→ **WHAT YOU ARE ASKED TO DO**:
Copy every record exactly, leaving the pictures out.

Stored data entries
= = = = = = =

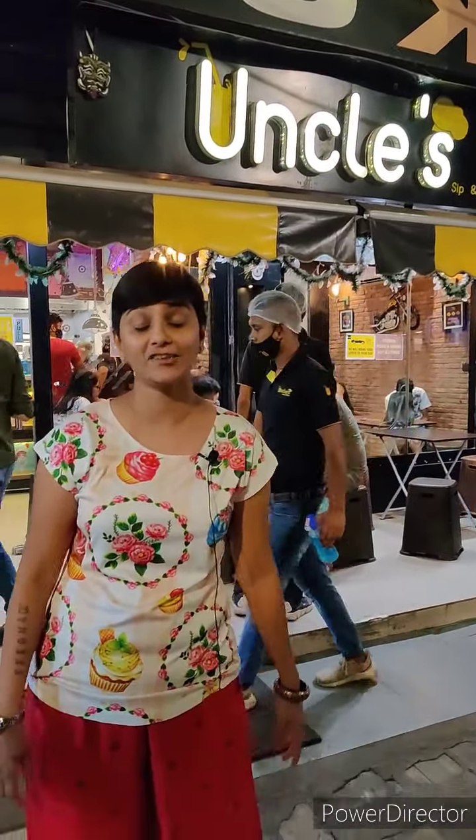Hello friends! Welcome to my channel Chitori Rajni. Today I am coming to Krishanth — Uncle's Sip and Bite.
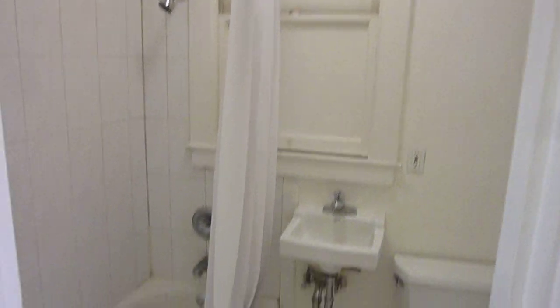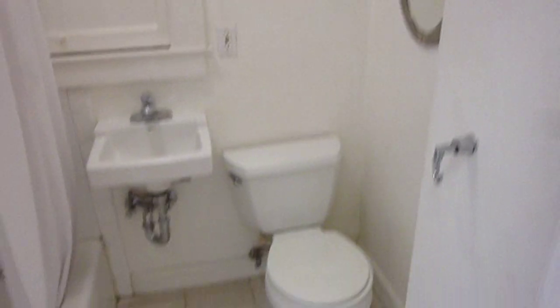The bath has been redone, featuring a tub with shower, a tiled floor, and a small sink. There's also a nice mirror.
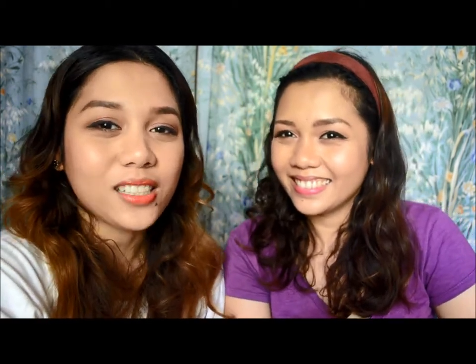That's all for our August favorites! I hope you picked up a thing or two. Please share your own August favorites in the comments. Thank you so much for watching, and thank you to my sister for joining me for the first time. See you again on my next video, bye!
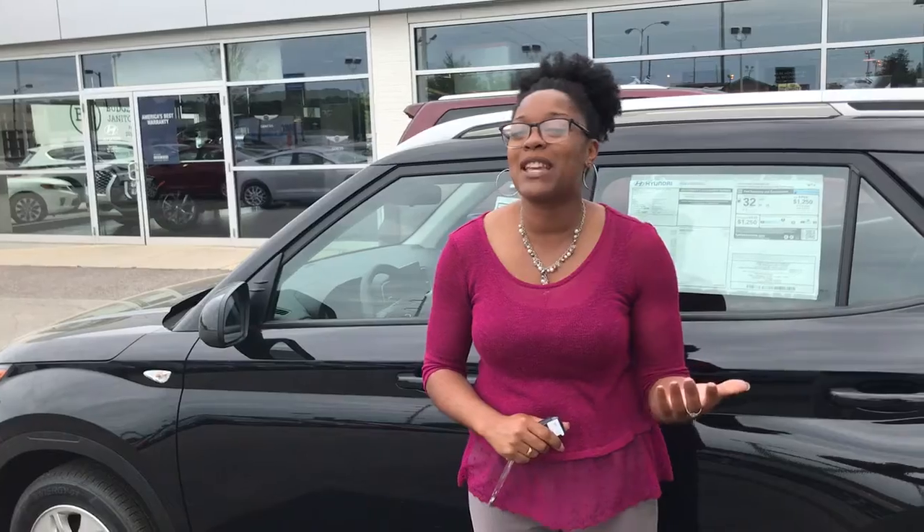To top it off with the stimulus package, we are going to add on three years of worry-free maintenance — that means you don't have to worry about paying for your maintenance for three years and 36,000 miles. This is the best time to buy a car. Give me a call — my number is 205-314-0301. My name is Christina. I look forward to speaking with you soon and showing you why you'll love the way you're treated here at Tamron Hyundai and Hoover.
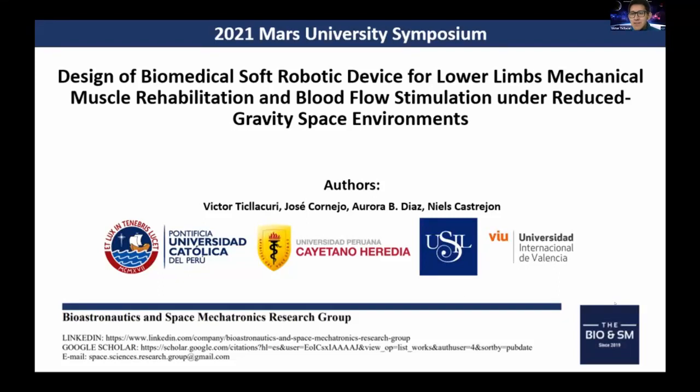Good morning everybody. Today we're going to present the project design of a biomedical soft robotic device for lower limbs mechanical muscle rehabilitation and blood flow stimulation under reduced gravity space environments.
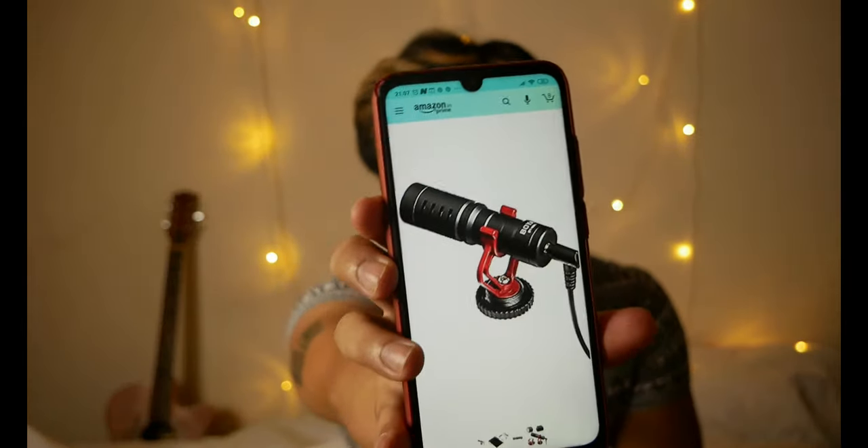I have switched to the Boya mic now. The Boya mic is the Boya MM1. I ordered it from Amazon and got a really good deal — I purchased it for one thousand five hundred ninety-one rupees. Its original price is around two thousand nine hundred ninety-five rupees, so I got a very good discount. Currently, as of the 2nd of August, its MRP on Amazon is somewhere around seven to eight hundred and twenty-five rupees.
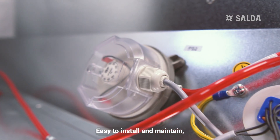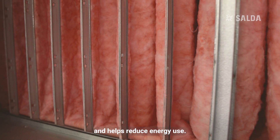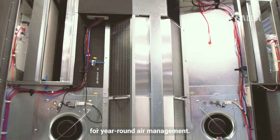Easy to install and maintain, this unit is built to last and helps reduce energy use. Whether for small or large spaces, AmberAir Compact is a dependable solution for year-round air management.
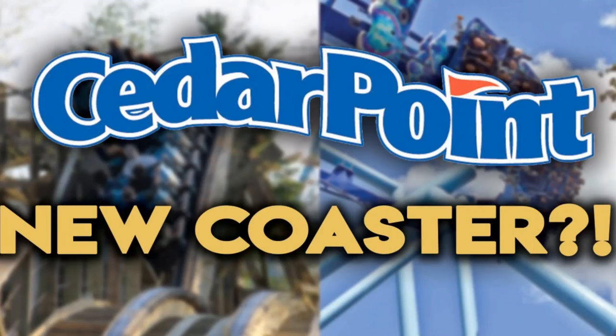We have some potentially exciting news and developments coming out of Cedar Point. As discussed in our previous videos, Cedar Point's 150th anniversary is coming up in 2020, and what better way to celebrate than with a brand new coaster. My personal feeling is that it's going to be a flying coaster. The two most popular ideas in the coaster community seem to be an awesome GCI or a B&M invert or B&M flyer.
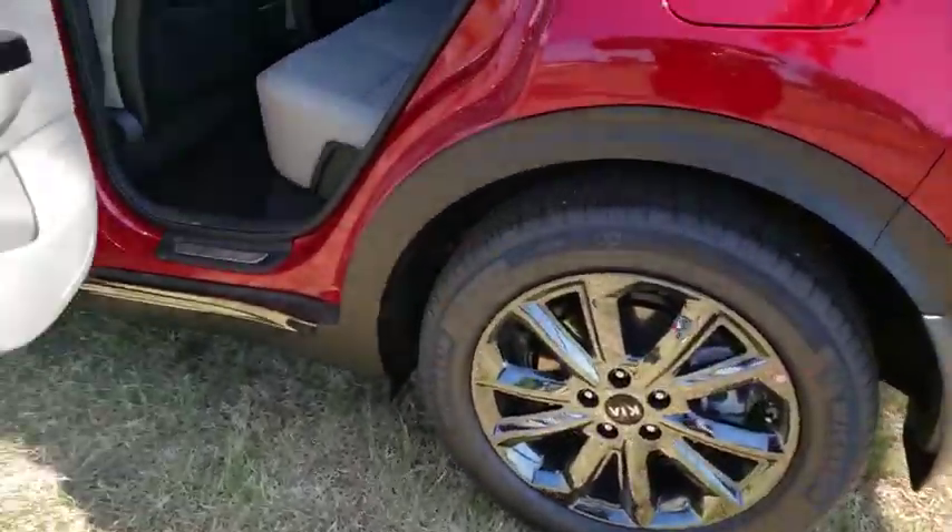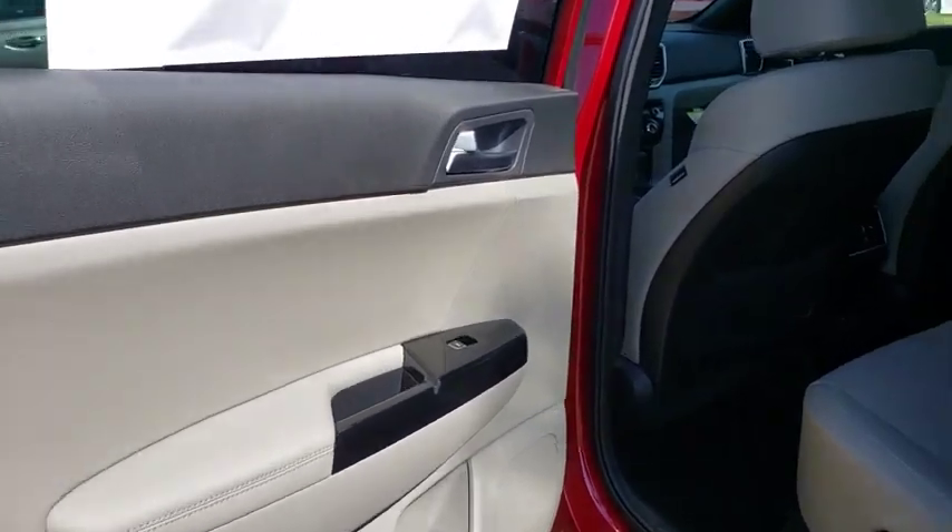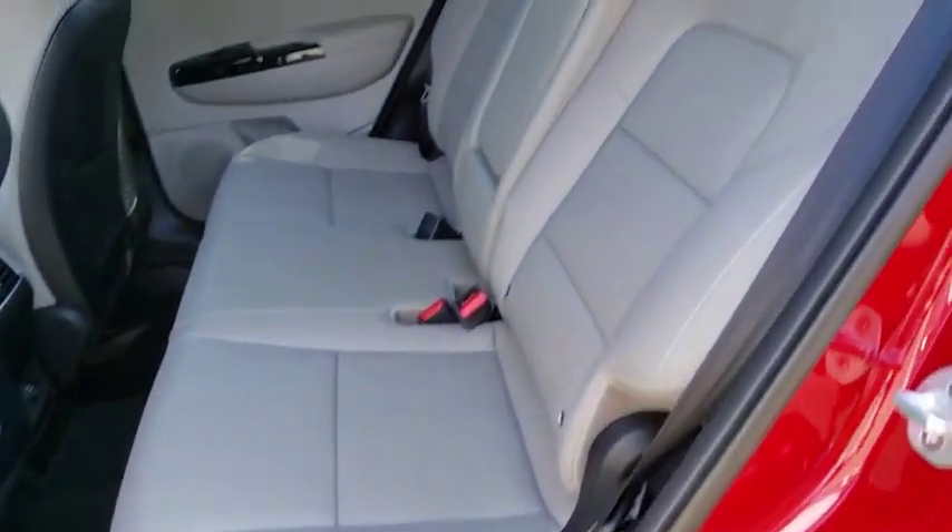Adjustable steering wheel, power steering, four-wheel disc brakes, cruise control, aluminum wheels, rear defrost.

= = = = = = =

→ **ANSWER TO THIS EXERCISE**:
Hello friends! Welcome to my channel Chitori Rajni. Today I am coming to Krishanth — Uncle's Sip and Bite.
The bath has been redone, featuring a tub with shower, a tiled floor, and a small sink. There's also a nice mirror.
That's all for our August favorites! I hope you picked up a thing or two. Please share your own August favorites in the comments. Thank you so much for watching, and thank you to my sister for joining me for the first time. See you again on my next video, bye!
To top it off with the stimulus package, we are going to add on three years of worry-free maintenance — that means you don't have to worry about paying for your maintenance for three years and 36,000 miles. This is the best time to buy a car. Give me a call — my number is 205-314-0301. My name is Christina. I look forward to speaking with you soon and showing you why you'll love the way you're treated here at Tamron Hyundai and Hoover.
Good morning everybody. Today we're going to present the project design of a biomedical soft robotic device for lower limbs mechanical muscle rehabilitation and blood flow stimulation under reduced gravity space environments.
I have switched to the Boya mic now. The Boya mic is the Boya MM1. I ordered it from Amazon and got a really good deal — I purchased it for one thousand five hundred ninety-one rupees. Its original price is around two thousand nine hundred ninety-five rupees, so I got a very good discount. Currently, as of the 2nd of August, its MRP on Amazon is somewhere around seven to eight hundred and twenty-five rupees.
Easy to install and maintain, this unit is built to last and helps reduce energy use. Whether for small or large spaces, AmberAir Compact is a dependable solution for year-round air management.
We have some potentially exciting news and developments coming out of Cedar Point. As discussed in our previous videos, Cedar Point's 150th anniversary is coming up in 2020, and what better way to celebrate than with a brand new coaster. My personal feeling is that it's going to be a flying coaster. The two most popular ideas in the coaster community seem to be an awesome GCI or a B&M invert or B&M flyer.
Adjustable steering wheel, power steering, four-wheel disc brakes, cruise control, aluminum wheels, rear defrost.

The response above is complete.